When using FlashInfer for decode operations with page_size=1, no performance improvement is observed when using FP8 data type compared to BF16. This contradicts theoretical expectations, as FP8 should provide better memory bandwidth utilization.

Reproduction

import torch
import triton
import flashinfer

class FlashInferWrapper:
    def __init__(self, kv_layout="NHD", kv_dtype=torch.bfloat16):
        self.page_size = 1
        self.kv_layout = kv_layout
        self.kv_dtype = kv_dtype
        self.workspace_buffer = torch.empty(512 * 1024 * 1024, dtype=torch.uint8, device="cuda")
        self.decode_wrapper = flashinfer.BatchDecodeWithPagedKVCacheWrapper(
            self.workspace_buffer, self.kv_layout, use_tensor_cores=True
        )
        
    def prepare_kv_cache(self, batch_size, kv_len, head_dim, num_kv_heads):
        k_data = torch.randn(batch_size * kv_len, num_kv_heads, head_dim, dtype=torch.bfloat16).to("cuda")
        v_data = torch.randn(batch_size * kv_len, num_kv_heads, head_dim, dtype=torch.bfloat16).to("cuda")
        kv_indptr = torch.arange(0, batch_size + 1).int().to("cuda") * kv_len
        kv_indices = torch.arange(0, batch_size * kv_len).int().to("cuda")
        kv_last_page_len = torch.full(
            (batch_size,), (kv_len - 1) % self.page_size + 1, dtype=torch.int32
        ).to("cuda")
        return k_data, v_data, kv_indptr, kv_indices, kv_last_page_len
    
    def update_decode(self, batch_size, kv_len, head_dim, num_heads, num_kv_heads):
        k_data, v_data, kv_indptr, kv_indices, kv_last_page_len = self.prepare_kv_cache(batch_size, kv_len, head_dim, num_kv_heads)
        self.decode_wrapper.plan(
            kv_indptr,
            kv_indices,
            kv_last_page_len,
            num_heads,
            num_kv_heads,
            head_dim,
            self.page_size,
            q_data_type=torch.bfloat16,
            kv_data_type=self.kv_dtype,
            non_blocking=True,
        )
        return k_data, v_data
    
    def forward_decode(self, q, kv_cache):
        return self.decode_wrapper.run(q, kv_cache)

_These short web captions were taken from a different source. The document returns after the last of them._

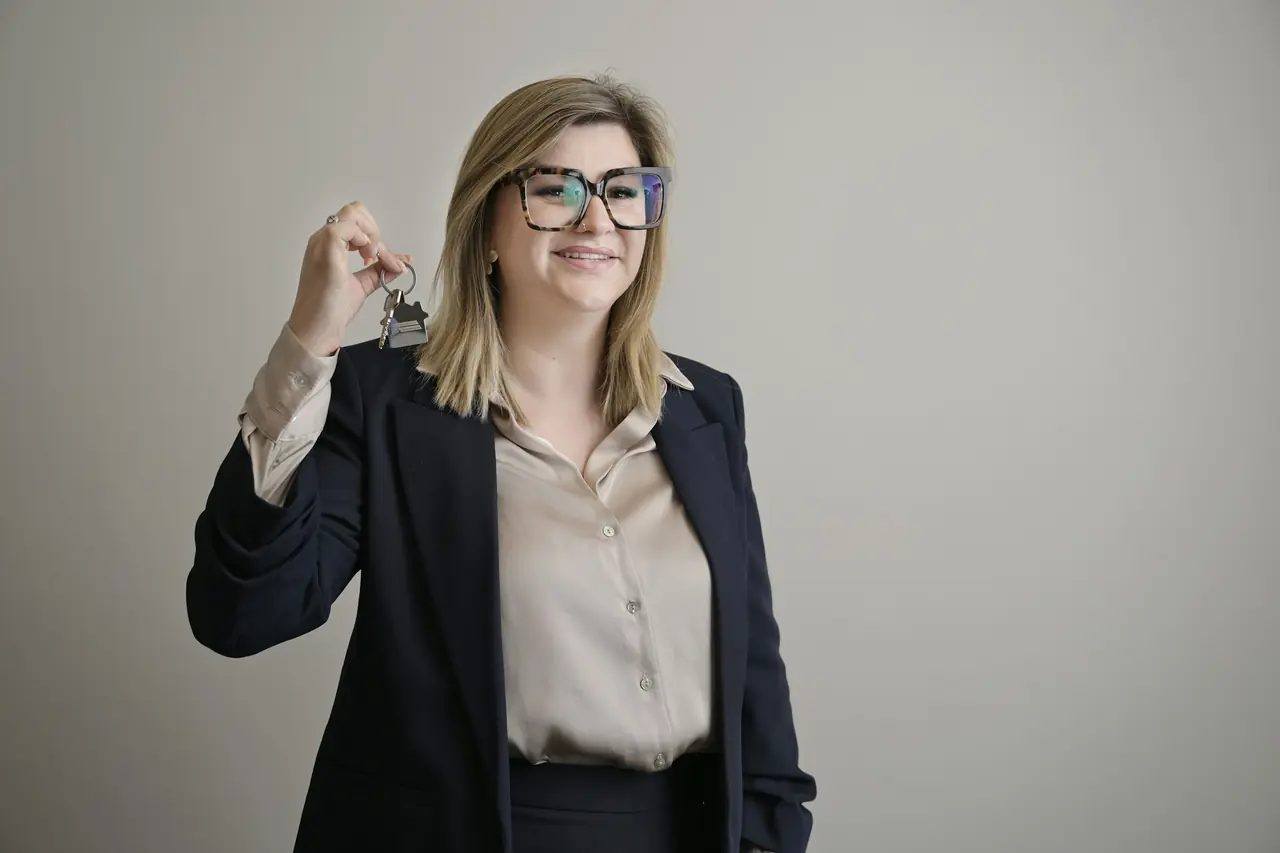 Real estate agent holding up a set of house keys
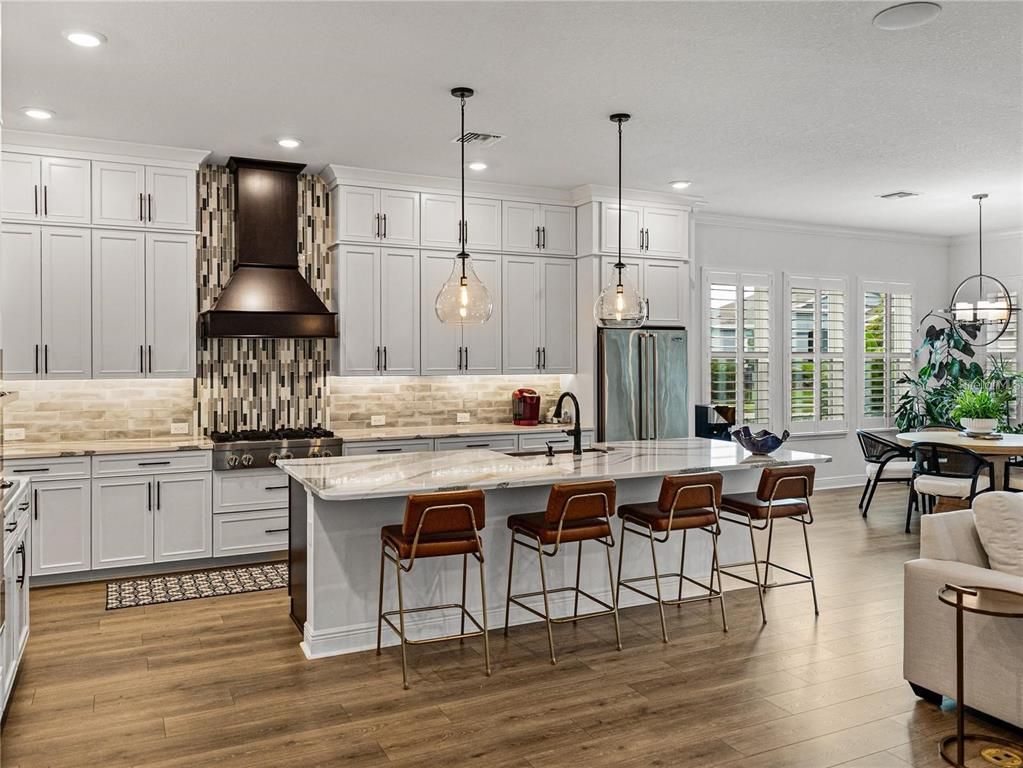 Dining room, Interior, Kitchen, Pendant Lights, Recessed Lighting, Wood Texture Flooring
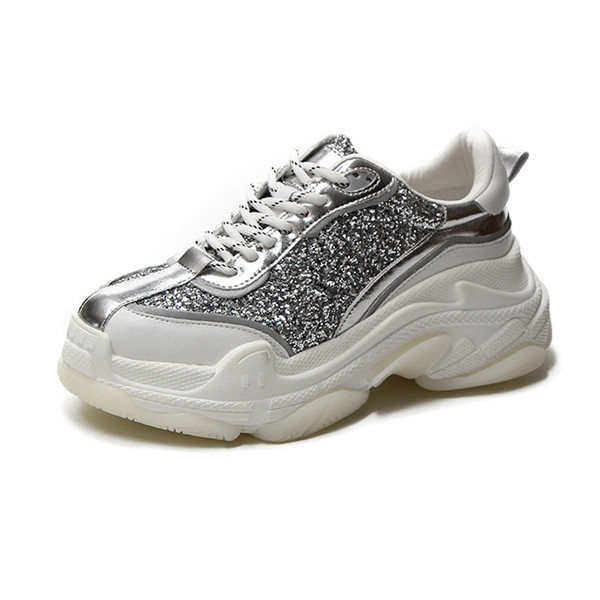 Μοντέρνα γυναικεία αθλητικά παπούτσια με κομψό αποτέλεσμα και σκληρή σόλα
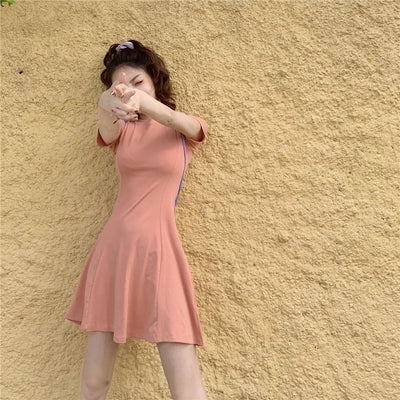 Korean dress with short sleeves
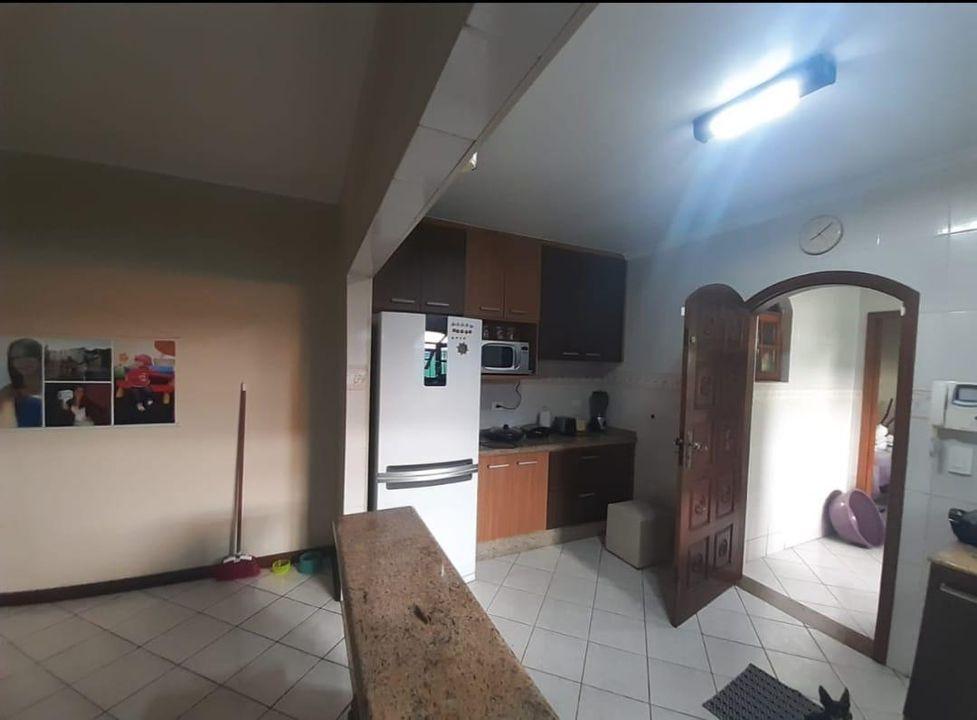 Sobrado à venda com 3 quartos, 150m² - Foto 3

def perf_flashinfer_decode(batch_size, kv_len, d, H, H_kv):
    flashinfer_wrapper = FlashInferWrapper(kv_dtype=torch.bfloat16)
    q = torch.randn(batch_size, H, d).bfloat16().to("cuda")
    k_data, v_data = flashinfer_wrapper.update_decode(batch_size, kv_len, d, H, H_kv)
    kv_cache = torch.cat([k_data, v_data], dim=1)
    kv_cache = kv_cache.view(batch_size*kv_len, 2, 1, H_kv, d)
    
    def fn():
        o = flashinfer_wrapper.forward_decode(q, kv_cache)
    ms = triton.testing.do_bench(fn, quantiles=[0.5])
    return ms/1e3

def perf_flashinfer_decode_fp8(batch_size, kv_len, d, H, H_kv):
    flashinfer_wrapper = FlashInferWrapper(kv_dtype=torch.float8_e4m3fn)
    q = torch.randn(batch_size, H, d).bfloat16().to("cuda")
    k_data, v_data = flashinfer_wrapper.update_decode(batch_size, kv_len, d, H, H_kv)
    kv_cache = torch.cat([k_data, v_data], dim=1)
    kv_cache = kv_cache.view(batch_size*kv_len, 2, 1, H_kv, d)
    kv_cache = kv_cache.to(torch.float8_e4m3fn)
    
    def fn():
        o = flashinfer_wrapper.forward_decode(q, kv_cache)
    
    ms = triton.testing.do_bench(fn, quantiles=[0.5])
    return ms/1e3

if __name__ == "__main__":
    batch_size = 64
    kv_len = 8192
    d = 128  
    H = 40   
    H_kv = 8
    time_ms = perf_flashinfer_decode(batch_size, kv_len, d, H, H_kv)
    print(f"bf16 time cost: {time_ms*1e3:.3f} ms")
    time_ms = perf_flashinfer_decode_fp8(batch_size, kv_len, d, H, H_kv)
    print(f"fp8 time cost: {time_ms*1e3:.3f} ms")

results:

bf16 time cost: 0.703 ms
fp8 time cost: 0.710 ms

Environment Information

GPU: H20
FlashInfer Version: flashinfer-python 0.2.3+cu124torch2.5
CUDA Version: 12.4

Apr 18 '25 10:04 cscyuge

I have same question on L20 performance #914

Apr 21 '25 07:04 yongchaoding